Geoffrey Reeves has been the prime architect and organizer of the Laboratory’s growing effort in magnetospheric physics, and he has been a leader in the development of space weather research as a key element of the Laboratory’s threat reduction mission. He recognized that such a capability could make major contributions not only to the Laboratory’s satellite nuclear test detection program but also to the national Space Weather Program and Department of Defense-sponsored national security applications such as Space Situational Awareness.

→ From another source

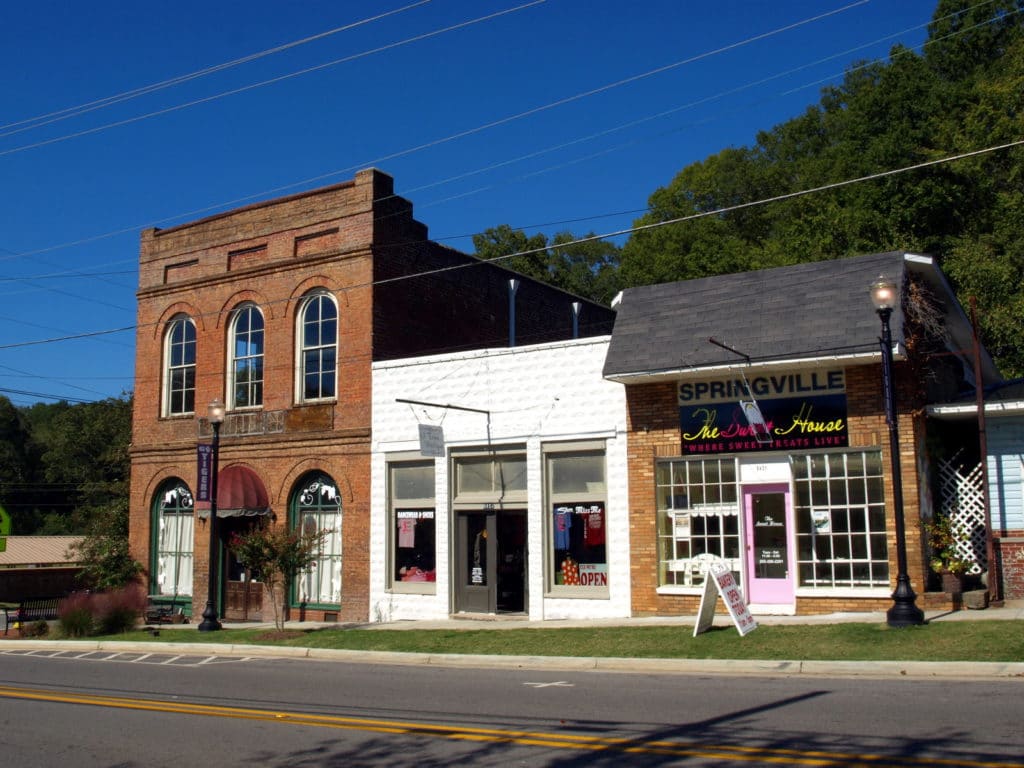 Springville, distrito histórico de Alabama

Over the past decade, Reeves has formed a team of highly capable scientists with the skills required to attack the multifaceted problem of modeling, understanding and predicting the radiation environment of Earth’s magnetosphere. His vision has evolved into the DREAM (Dynamic Radiation Environment Assimilative Model) concept to develop a model of the radiation hazards associated with a high-altitude nuclear explosion. Under Reeves’s guidance, the DREAM team has managed well to balance forefront basic space research with programmatic deliverables. The DREAM team is now recognized by the scientific community as a significant force in the worldwide effort to understand the space environment.
Fellows Prize for Research: Doorn and Jablonski
Stephen Doorn is an intellectual leader in carbon nanotube spectroscopy and is best known in the nanotube community for his groundbreaking advances in Raman spectroscopy of nanotubes, with many examples of “first-ever” types of experiments. He has distinguished himself with numerous scientific accomplishments in the area of spectroscopic studies of carbon nanomaterials, particularly single-walled carbon nanotubes.
Doorn has also developed important materials chemistry to help separate carbon nanotube mixtures and to integrate carbon nanotubes into composite materials. He has published 69 papers with more than 1,600 citations since 2001. Although the focus of Doorn’s contributions is the spectroscopy of carbon nanomaterials, he has made many significant contributions to other areas of nanoscience and nanotechnology. In particular, he has a substantial research portfolio and publication record in the area of plasmonic nanomaterials as surface-enhanced Raman scattering tags and substrates.
David Jablonski is recognized for his significant contribution to the 2010 Level-1 Energy Balance Milepost, resolving a 35-year problem in weapons physics that limited predictive capability. Jablonski performed a careful study of energy partition using Advanced Strategic Computing (ASC) and legacy codes; he isolated and highlighted the contributing factors to this problem and showed how higher fidelity in physical models and mesh resolution achievable with the ASC codes mitigated the problem.
In the process of this five-year Milepost work, Jablonski made the ASC code more useful for the weapons research community, pioneering how to use it efficiently and testing various options, and formulated and coded some physical models himself. Jablonski's approach to using this code has become the standard for the weapons community at Los Alamos.
Los Alamos National Laboratory, a multidisciplinary research institution engaged in strategic science on behalf of national security, is operated by Los Alamos National Security, LLC, a team composed of Bechtel National, the University of California, BWX Technologies, Inc. and URS for the Department of Energy's National Nuclear Security Administration.
Los Alamos enhances national security by ensuring the safety and reliability of the U.S. nuclear stockpile, developing technologies to reduce threats from weapons of mass destruction, and solving problems related to energy, environment, infrastructure, health, and global security concerns.